## Work order
The records below are to be set down again exactly, with the pictures left out.

* * *

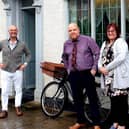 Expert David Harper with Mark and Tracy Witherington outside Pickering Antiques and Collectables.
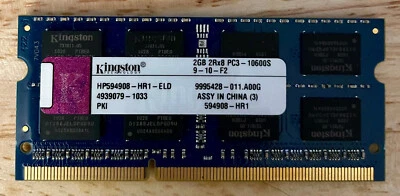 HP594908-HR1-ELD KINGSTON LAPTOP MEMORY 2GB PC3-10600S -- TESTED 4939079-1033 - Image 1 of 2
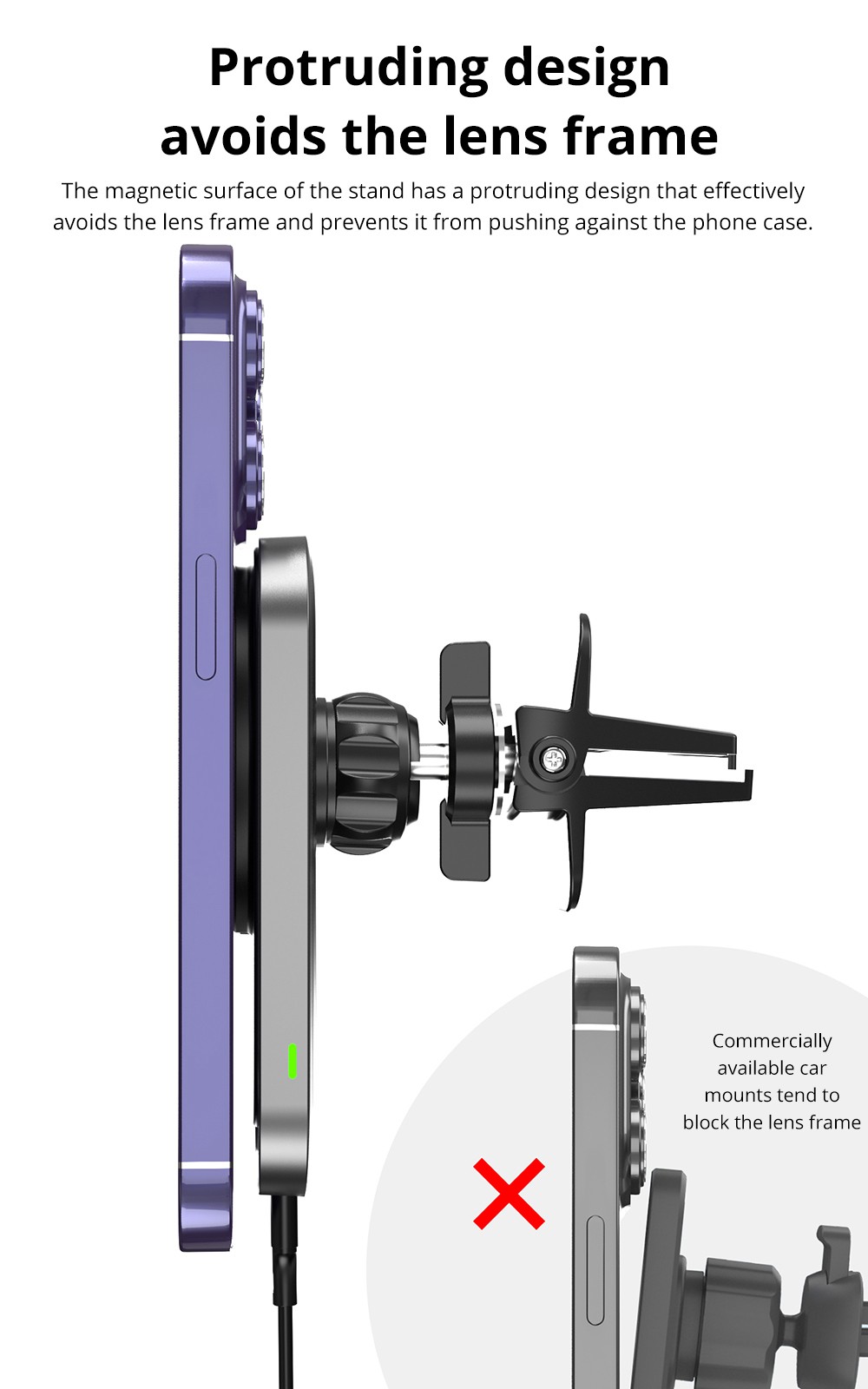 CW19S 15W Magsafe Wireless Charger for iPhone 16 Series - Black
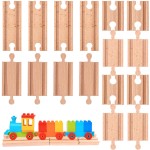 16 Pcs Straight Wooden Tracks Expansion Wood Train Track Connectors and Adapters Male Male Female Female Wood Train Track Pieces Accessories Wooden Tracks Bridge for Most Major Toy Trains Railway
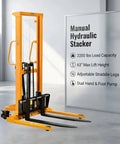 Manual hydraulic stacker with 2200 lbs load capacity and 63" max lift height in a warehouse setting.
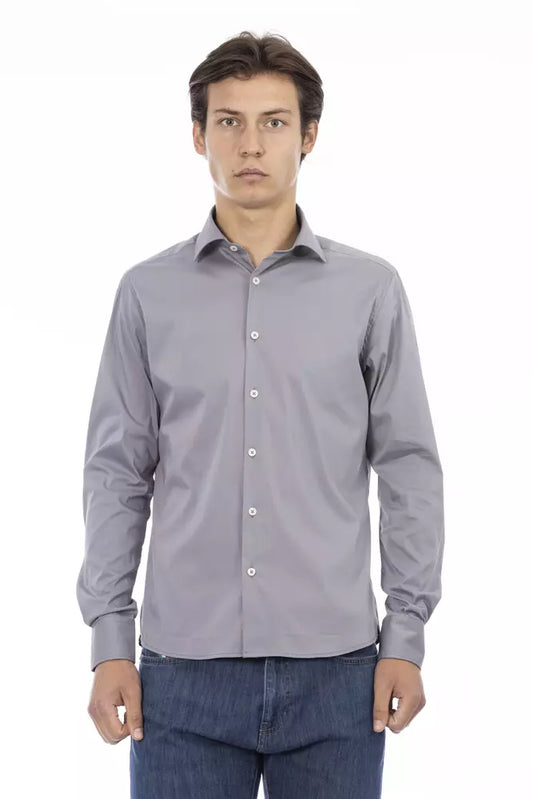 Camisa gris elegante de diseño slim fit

* * *

## Output of the task
 Expert David Harper with Mark and Tracy Witherington outside Pickering Antiques and Collectables.
 HP594908-HR1-ELD KINGSTON LAPTOP MEMORY 2GB PC3-10600S -- TESTED 4939079-1033 - Image 1 of 2
 CW19S 15W Magsafe Wireless Charger for iPhone 16 Series - Black
 16 Pcs Straight Wooden Tracks Expansion Wood Train Track Connectors and Adapters Male Male Female Female Wood Train Track Pieces Accessories Wooden Tracks Bridge for Most Major Toy Trains Railway
 Manual hydraulic stacker with 2200 lbs load capacity and 63" max lift height in a warehouse setting.
 Camisa gris elegante de diseño slim fit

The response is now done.